= Dataset items =

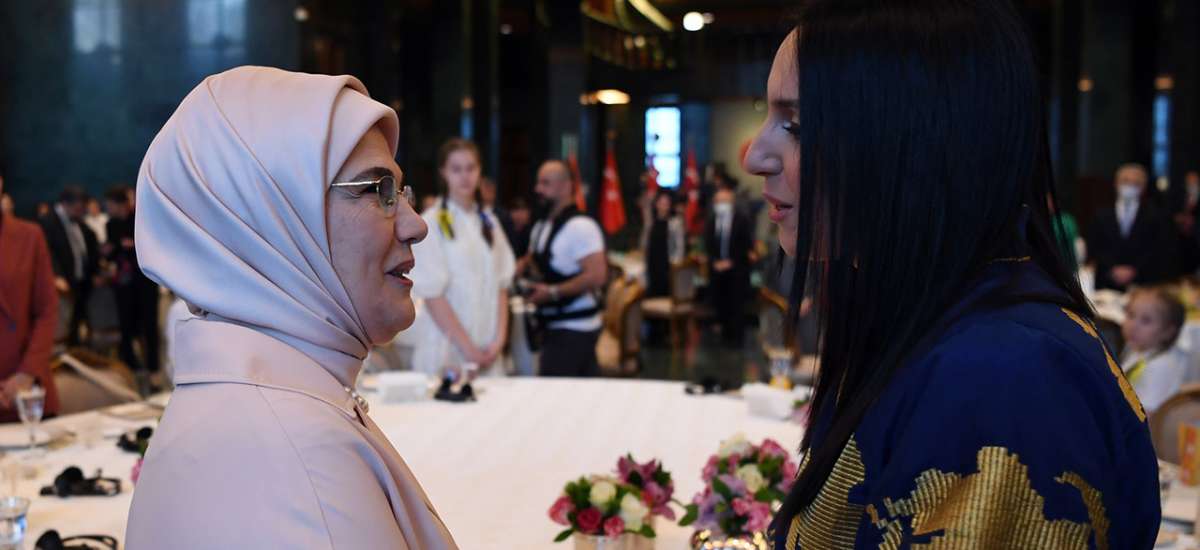 Emine Erdoğanla Jamala görüşdü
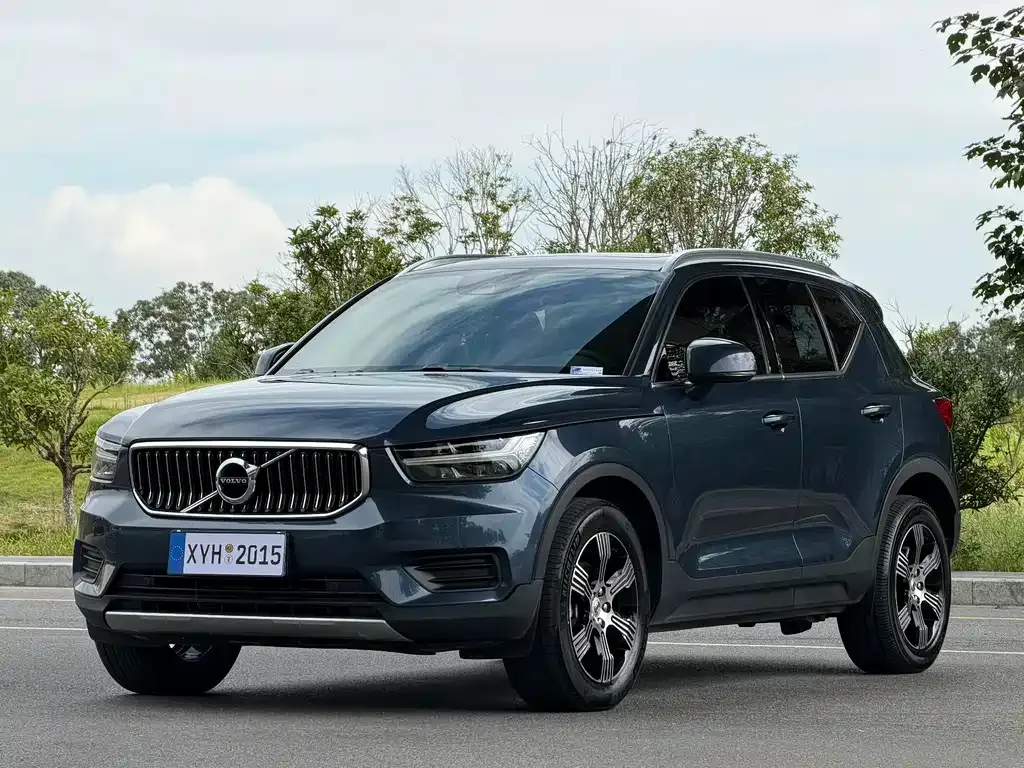 Volvo XC40 — фото 1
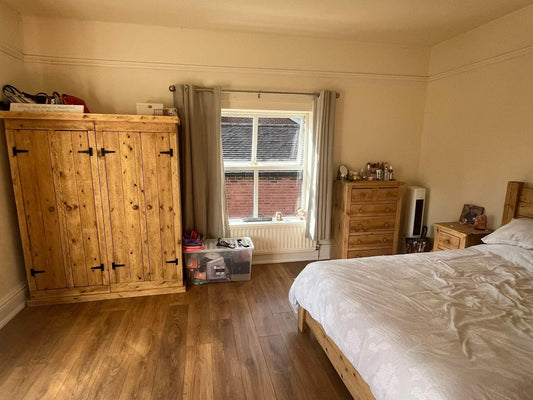 Complete handmade rustic bedroom set delivered by Three Skulls Furniture in Burton-on-Trent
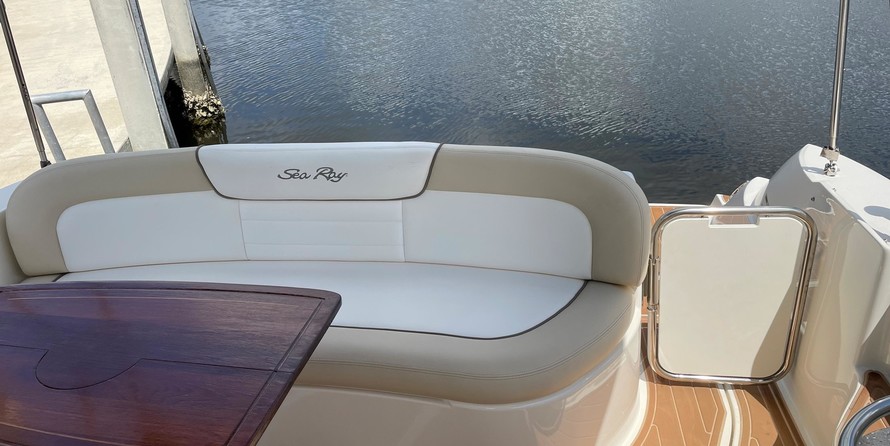 Sea Ray 330 Sundancer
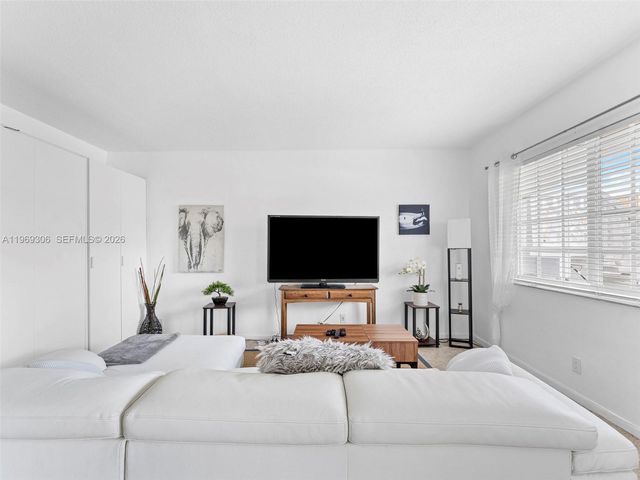 3220 NE 10th St 5, Pompano Beach, FL 3306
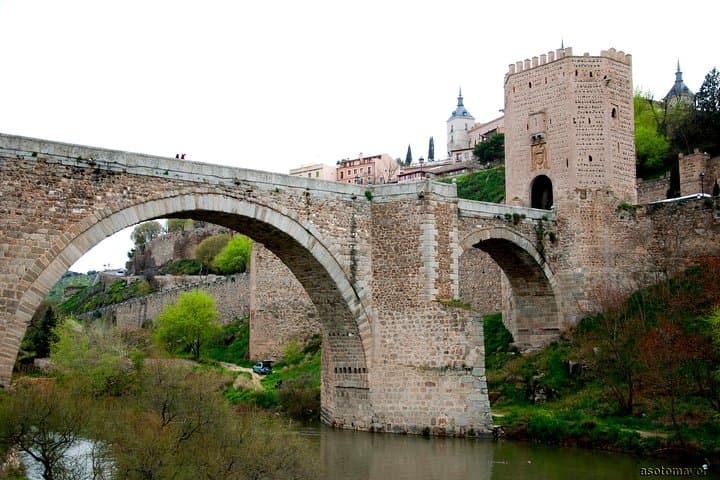 Toledo private tour from Madrid by private car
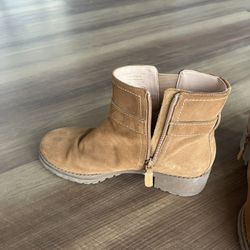 Cole Haan boots 
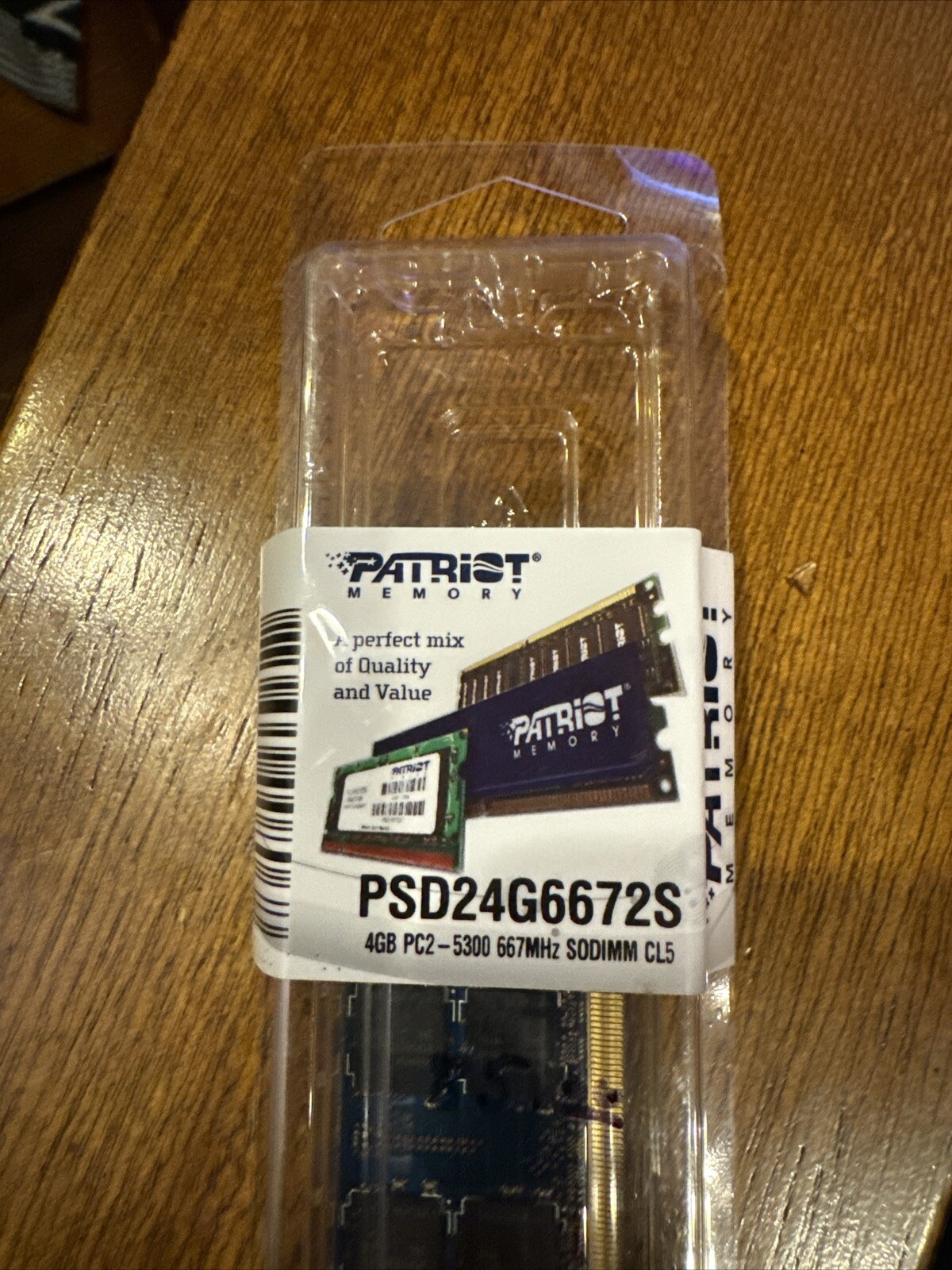 Patriot Memory 4 GB DIMM 667 MHz DDR2 SDRAM Memory (PSD24G6672) SODIMM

= What is being asked =
Take the line that holds "Complete handmade rustic" as the start and the last line of the data as the end. Copy only those lines exactly, both ends included, except the pictures.

= Exercise response =
 Complete handmade rustic bedroom set delivered by Three Skulls Furniture in Burton-on-Trent
 Sea Ray 330 Sundancer
 3220 NE 10th St 5, Pompano Beach, FL 3306
 Toledo private tour from Madrid by private car
 Cole Haan boots 
 Patriot Memory 4 GB DIMM 667 MHz DDR2 SDRAM Memory (PSD24G6672) SODIMM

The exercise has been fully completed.